Escribir en un medio tiene su aquel. Un día te toca invocar a Hayek y al otro teorizar sobre tetas y culos. Aunque al final todo es lo mismo —el mercado, amigos— una es experta en poco, por lo que pido disculpas de antemano. Dicho lo cual, si en El Mundo y ABC algunas fueron capaces de tratar el asunto de la terapia de reemplazo hormonal de los Marines de Hegseth como si llevaran veinte años pasando consulta de endocrinología, creo estar capacitada para aportar mi granito de arena a la discreta conversación pública del verano sobre el topless y sus aledaños.
Reconozco, eso sí, que mi campo de estudio está geográficamente muy acotado. La muestra sociológica que manejo es seguramente escasa. Se limita a unos pocos kilómetros de litoral santanderino, onubense e ilicitano, junto con otras experiencias que no incluiré por asistemáticas. Coincido, sin embargo, con lo dicho por otros: cada vez se ven menos pechos sin cubrir en nuestras playas.
Quedan las irreductibles charos que resisten al textil superior, lata de cerveza y pitillo en mano. Suelen ir solas a darse su baño de sol, y a estas alturas de agosto ya lucen renegridas —en el diario El Mundo usarían la expresión «clánicas»—. Luego están las de senos más abundantes, esas a las que Tartufo exigiría que escondieran lo que los ojos no podrían dejar de ver. Desde la silla plegable, manejan con maestría el tenedor en el que van ensartando filetes empanados para toda la parentela. Por último, existen categorías inespecíficas como la de la paseante, la que solo practica topless en grupo o la que lo hace a escondidas en playas recónditas. Aquí cabría preguntarse si exhibir el busto sin testigos no es acabar con la gracia del despechugue. ¿Qué es el topless sin la mirada del otro?
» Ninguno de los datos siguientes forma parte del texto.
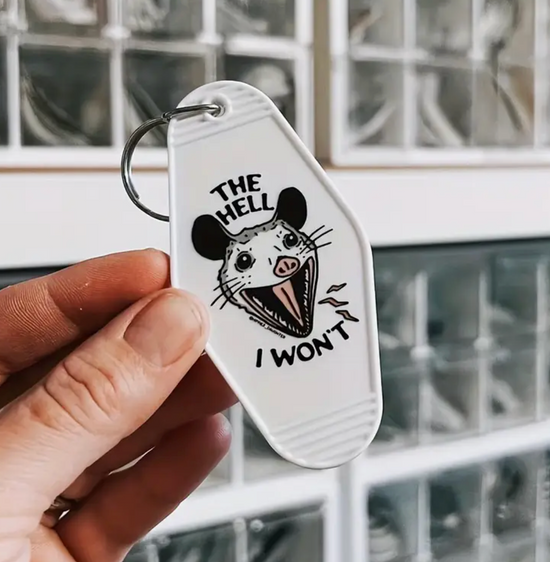 The Hell I Won't Keychain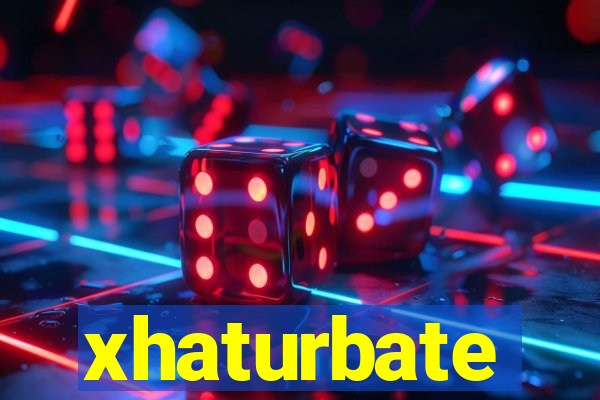 xhaturbate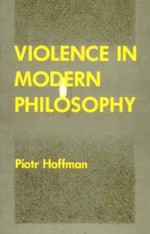 Violence in Modern Philosophy - Piotr Hoffman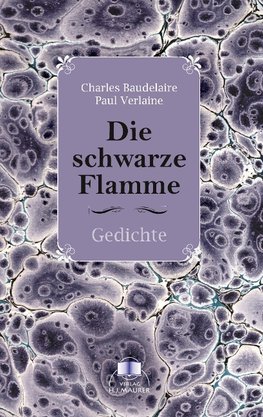 Die schwarze Flamme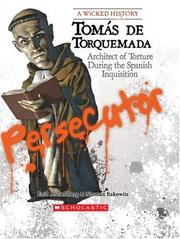 Cover of: Tomás de Torquemada: Architect of Torture During the Spanish Inquisition (A Wicked History)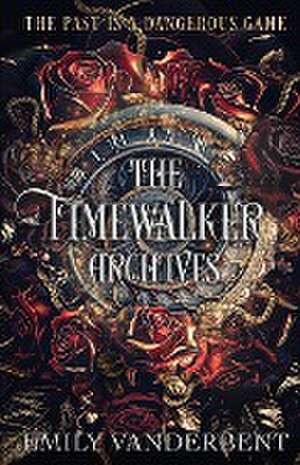 The Timewalker Archives de Emily Vanderbent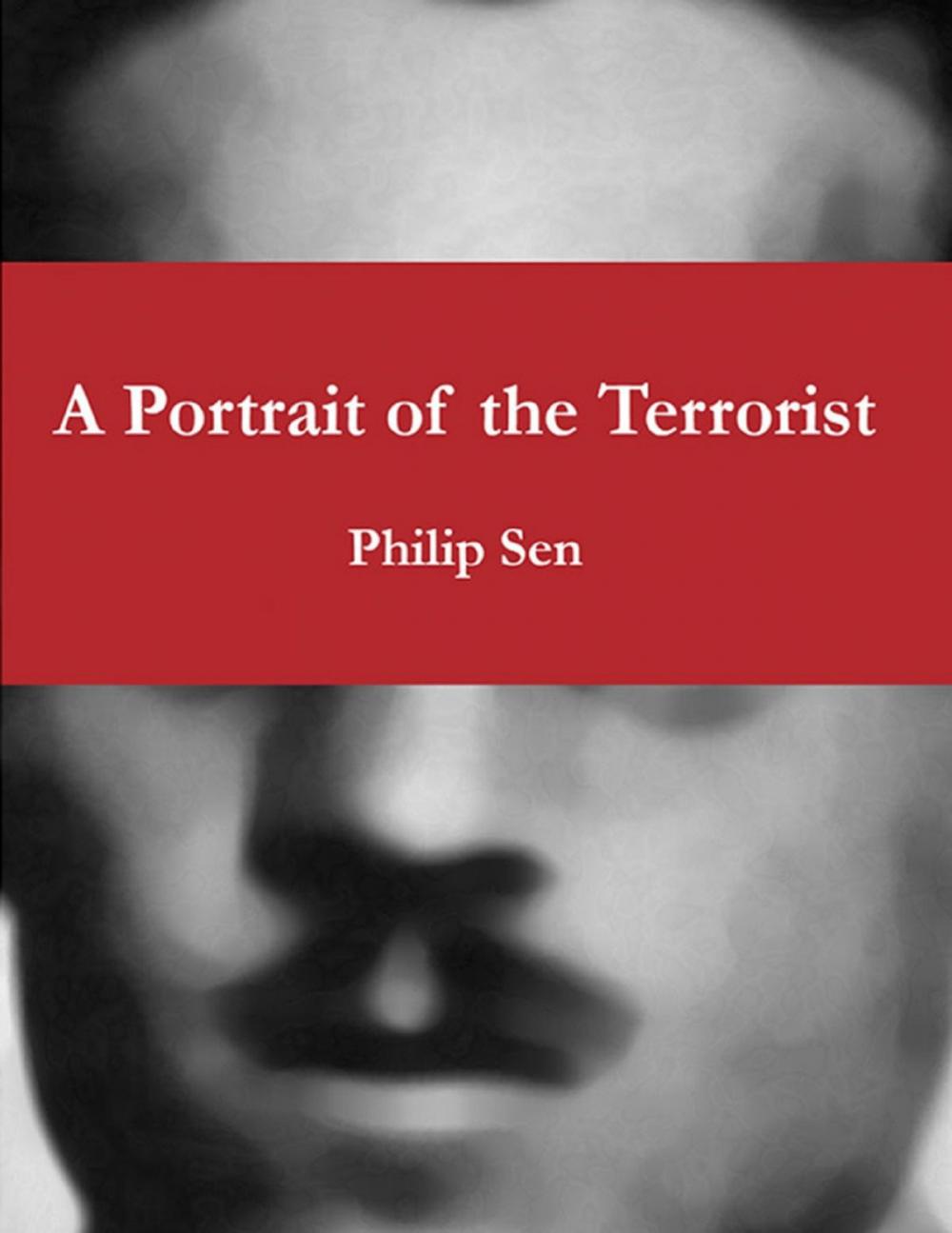 Big bigCover of A Portrait of the Terrorist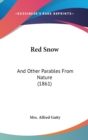 Red Snow : And Other Parables From Nature (1861) - Book
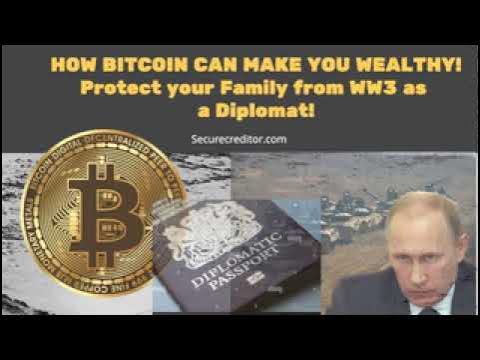 Be Bitcoin Wealthy! Protect Your Family from WW3 as a Diplomat!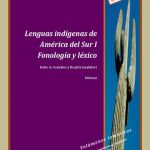 خرید و دانلود نسخه کامل کتاب Lenguas indígenas de América del Sur I. Fonología y léxico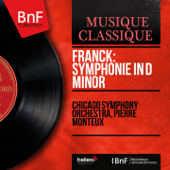 Franck: Symphonie in D Minor (Mono Version) - シカゴ交響楽団 & ピエール・モントゥー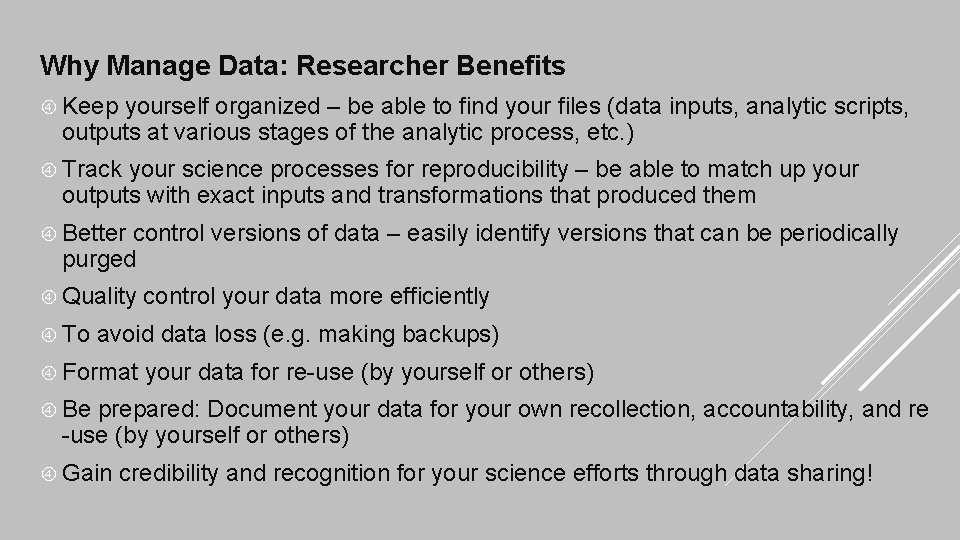 Why Manage Data: Researcher Benefits Keep yourself organized – be able to find your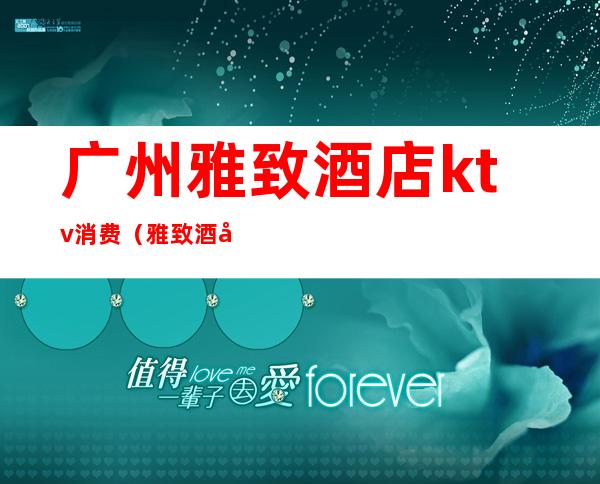 广州雅致酒店ktv消费(雅致酒店KTV)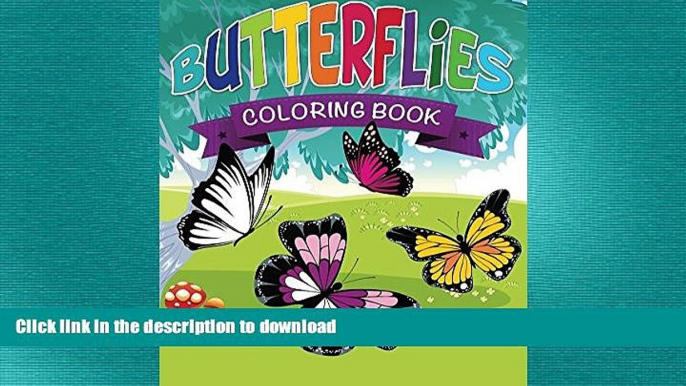 FAVORITE BOOK  Butterflies Coloring Book (Butterflies Coloring and Art Book Series) FULL ONLINE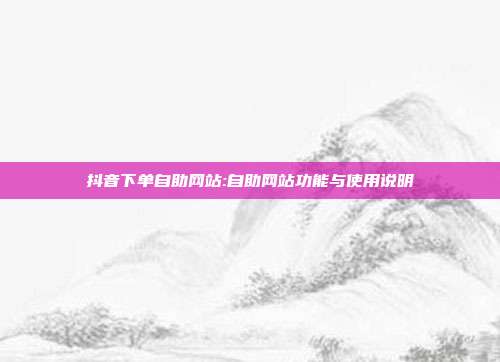 抖音下单自助网站:自助网站功能与使用说明
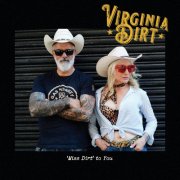 Virginia Dirt - 'Miss Dirt' to You (2025)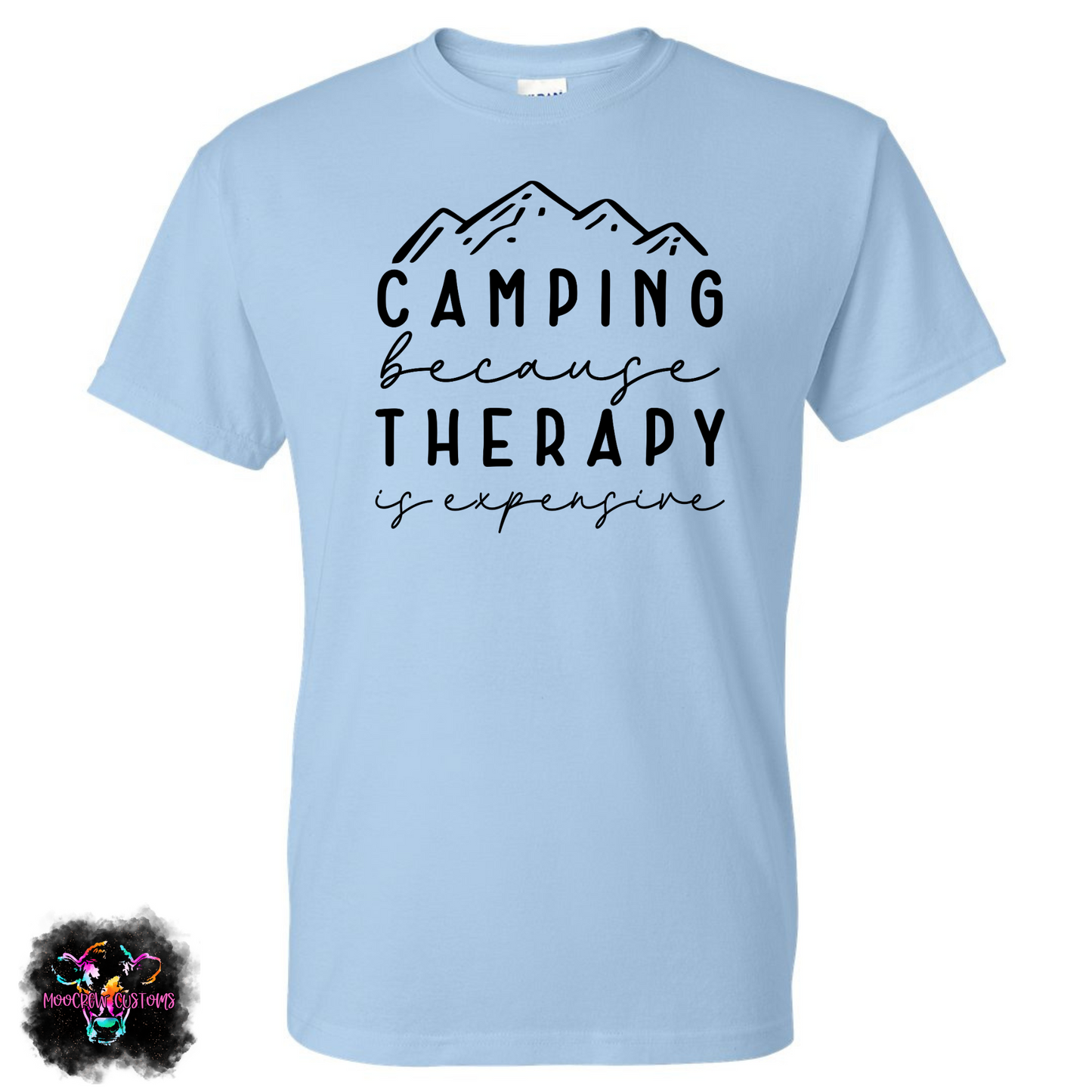 Camping Because Therapy Is Expensive Shirt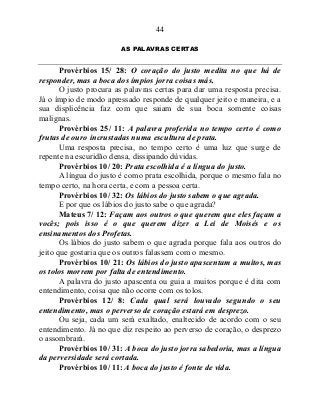 44
AS PALAVRAS CERTAS
Provérbios 15/ 28: O coração do justo medita no que há de
responder, mas a boca dos ímpios jorra coisas más.
O justo procura as palavras certas para dar uma resposta precisa.
Já o ímpio de modo apressado responde de qualquer jeito e maneira, e a
sua displicência faz com que saiam de sua boca somente coisas
malignas.
Provérbios 25/ 11: A palavra proferida no tempo certo é como
frutas de ouro incrustadas numa escultura de prata.
Uma resposta precisa, no tempo certo é uma luz que surge de
repente na escuridão densa, dissipando dúvidas.
Provérbios 10/ 20: Prata escolhida é a língua do justo.
A língua do justo é como prata escolhida, porque o mesmo fala no
tempo certo, na hora certa, e com a pessoa certa.
Provérbios 10/ 32: Os lábios do justo sabem o que agrada.
E por que os lábios do justo sabe o que agrada?
Mateus 7/ 12: Façam aos outros o que querem que eles façam a
vocês; pois isso é o que querem dizer a Lei de Moisés e os
ensinamentos dos Profetas.
Os lábios do justo sabem o que agrada porque fala aos outros do
jeito que gostaria que os outros falassem com o mesmo.
Provérbios 10/ 21: Os lábios do justo apascentam a muitos, mas
os tolos morrem por falta de entendimento.
A palavra do justo apascenta ou guia a muitos porque é dita com
entendimento, coisa que não ocorre com os tolos.
Provérbios 12/ 8: Cada qual será louvado segundo o seu
entendimento, mas o perverso de coração estará em desprezo.
Ou seja, cada um será exaltado, enaltecido de acordo com o seu
entendimento. Já no que diz respeito ao perverso de coração, o desprezo
o assombrará.
Provérbios 10/ 31: A boca do justo jorra sabedoria, mas a língua
da perversidade será cortada.
Provérbios 10/ 11: A boca do justo é fonte de vida.
 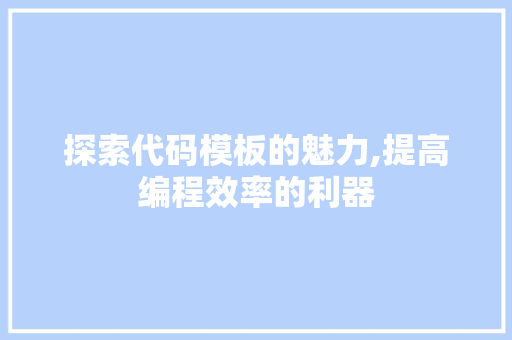 探索代码模板的魅力,提高编程效率的利器 神马SEO
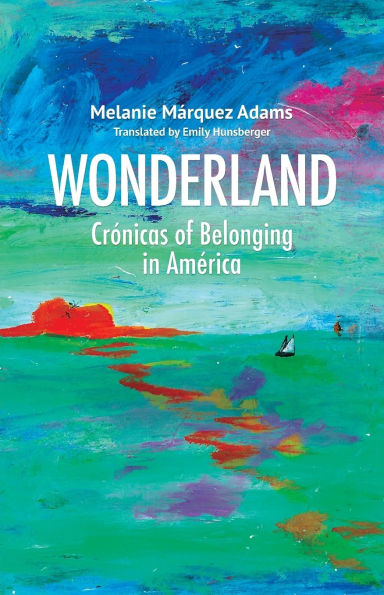 Wonderland: Crï¿½nicas of Belonging in Amï¿½rica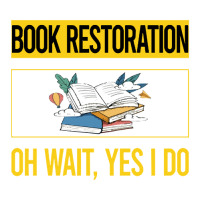 Book Restoration T  Shirt Funny Yes I Do Book Restoration T  Shirt Bomber Jacket | Artistshot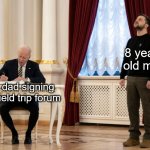 e | 8 year old me; My dad signing the field trip forum | image tagged in biden and zelensky,memes,school | made w/ Imgflip meme maker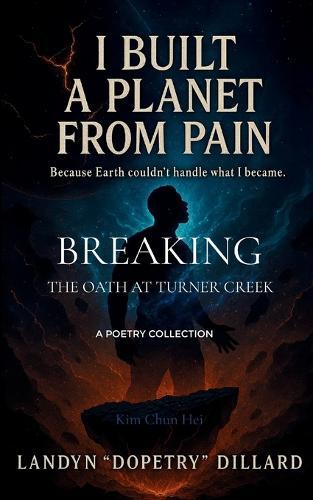 I BUILT A PLANET FROM PAIN (Edition1st)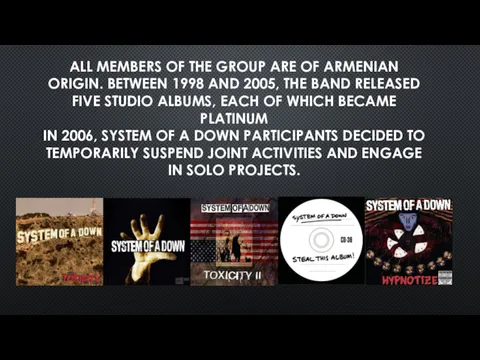 ALL MEMBERS OF THE GROUP ARE OF ARMENIAN ORIGIN. BETWEEN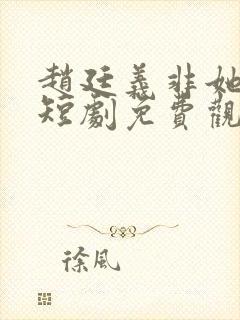 赵廷义非她不可短剧免费观看全集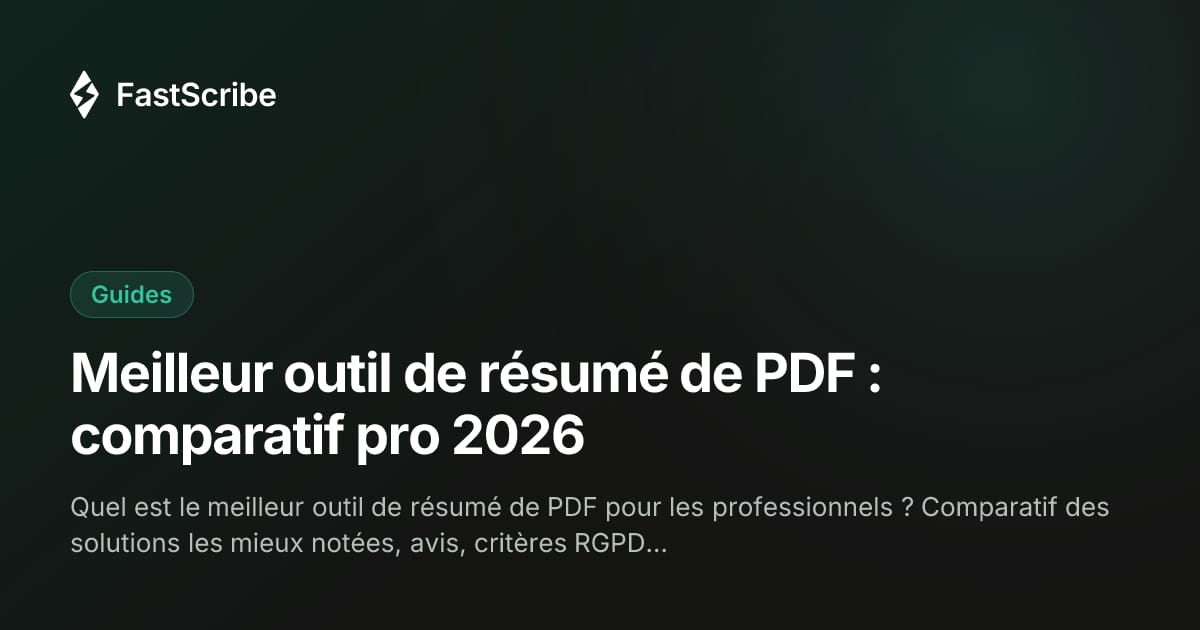 Meilleur outil de résumé de PDF : comparatif pro 2026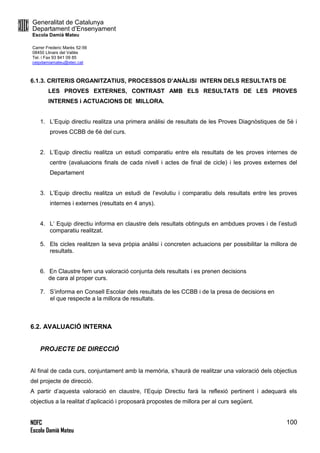 Generalitat de Catalunya
Departament d’Ensenyament
Escola Damià Mateu
Carrer Frederic Marès 52-56
08450 Llinars del Vallès
Tel. i Fax 93 841 09 85
ceipdamiamateu@xtec.cat
NOFC
Escola Damià Mateu
100
6.1.3. CRITERIS ORGANITZATIUS, PROCESSOS D’ANÀLISI INTERN DELS RESULTATS DE
LES PROVES EXTERNES, CONTRAST AMB ELS RESULTATS DE LES PROVES
INTERNES i ACTUACIONS DE MILLORA.
1. L’Equip directiu realitza una primera anàlisi de resultats de les Proves Diagnòstiques de 5è i
proves CCBB de 6è del curs.
2. L’Equip directiu realitza un estudi comparatiu entre els resultats de les proves internes de
centre (avaluacions finals de cada nivell i actes de final de cicle) i les proves externes del
Departament
3. L’Equip directiu realitza un estudi de l’evolutiu i comparatiu dels resultats entre les proves
internes i externes (resultats en 4 anys).
4. L’ Equip directiu informa en claustre dels resultats obtinguts en ambdues proves i de l’estudi
comparatiu realitzat.
5. Els cicles realitzen la seva pròpia anàlisi i concreten actuacions per possibilitar la millora de
resultats.
6. En Claustre fem una valoració conjunta dels resultats i es prenen decisions
de cara al proper curs.
7. S’informa en Consell Escolar dels resultats de les CCBB i de la presa de decisions en
el que respecte a la millora de resultats.
6.2. AVALUACIÓ INTERNA
PROJECTE DE DIRECCIÓ
Al final de cada curs, conjuntament amb la memòria, s’haurà de realitzar una valoració dels objectius
del projecte de direcció.
A partir d’aquesta valoració en claustre, l’Equip Directiu farà la reflexió pertinent i adequarà els
objectius a la realitat d’aplicació i proposarà propostes de millora per al curs següent.
 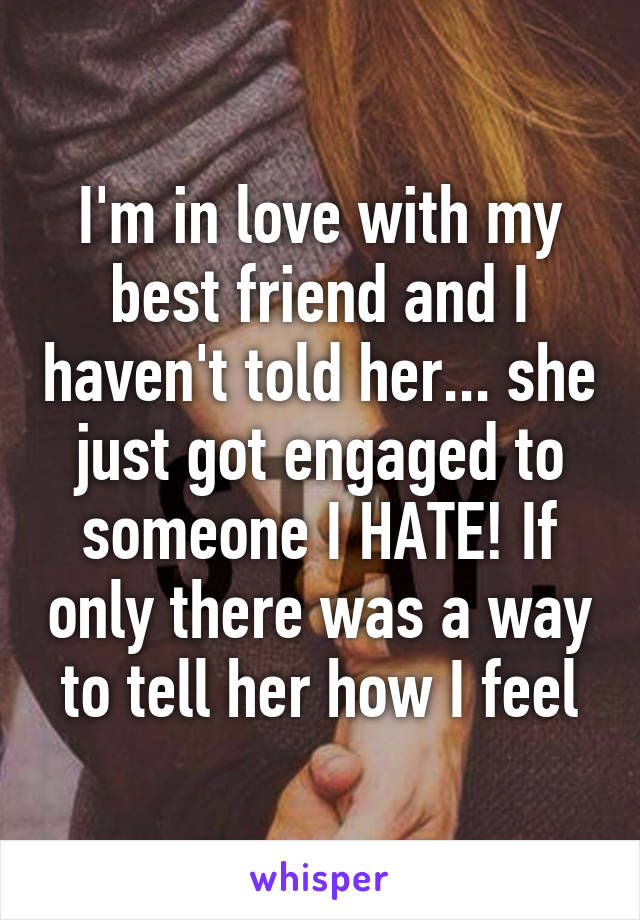 I'm in love with my best friend and I haven't told her... she just got engaged to someone I HATE! If only there was a way to tell her how I feel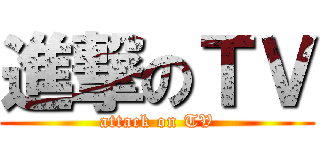 進撃のＴＶ (attack on TV)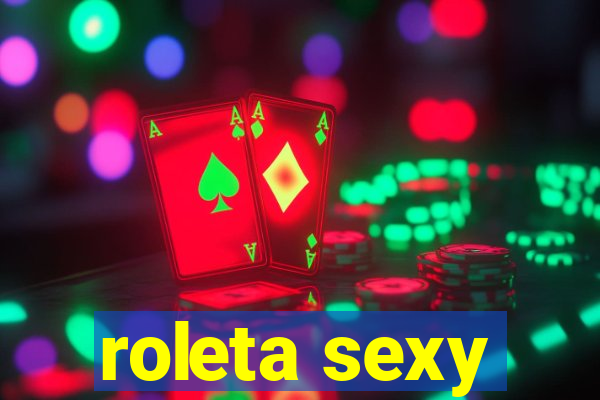 roleta sexy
Más que «ola de puritanismo», es posible que las generaciones más jóvenes interpreten lo de enseñar las domingas como un residuo de transgresión controlada boomer-X. Las que no corrieron delante de los grises liberaron el pezón el verano de Voyage, voyage. Creyeron abrir un camino que ahora desprecian las ingratas que sufren de «ansiedad performativa», un malestar cuyo origen está en las redes sociales. Igual de fabricado, por cierto, que la «angustia adolescente» de los años 90, pero sin acordes suspendidos para empaquetarlo.
El tiempo del Manifesto ya forma parte del mundo de ayer. Hoy todo es algoritmo y control de la imagen. Somos el fetichismo y la mercancía. Si cuando teníamos diecisiete el peligro era la publicidad de Calvin Klein, no sé qué dirían ahora los que ponían el grito en el cielo con la delgadez extrema. Hoy ya no se trata de que nos bombardeen con físicos escurridos. Los cánones se han anabolizado, «maxxximizado» y se han vuelto, incluso, contradictorios. La erogénesis, para más inri, ha decidido mudarse al sur anatómico.
Del heroin chic de 1996, que consistía en comer solo lechuga, nos hemos ido al diabólico slim thick de 2026, que exige ser Venus Williams y la Venus de Willendorf al mismo tiempo. Hay chavalas que ven más la máquina de hip thrust y las pesas rusas (con perdón) que a su propia madre. El pecho es una cuestión de genética o cirugía; el trasero todavía puede domarse, transformarse en rotundo objeto de deseo, en «proyecto» trabajado a golpe de sudor, macros y calorías.
Quizás por eso cueste cada vez más encontrar bikinis que no enseñen cacha. Mientras la parte de arriba vuelve, la de abajo lleva años menguando. Cosas de la moda. Y del mercado, amigos.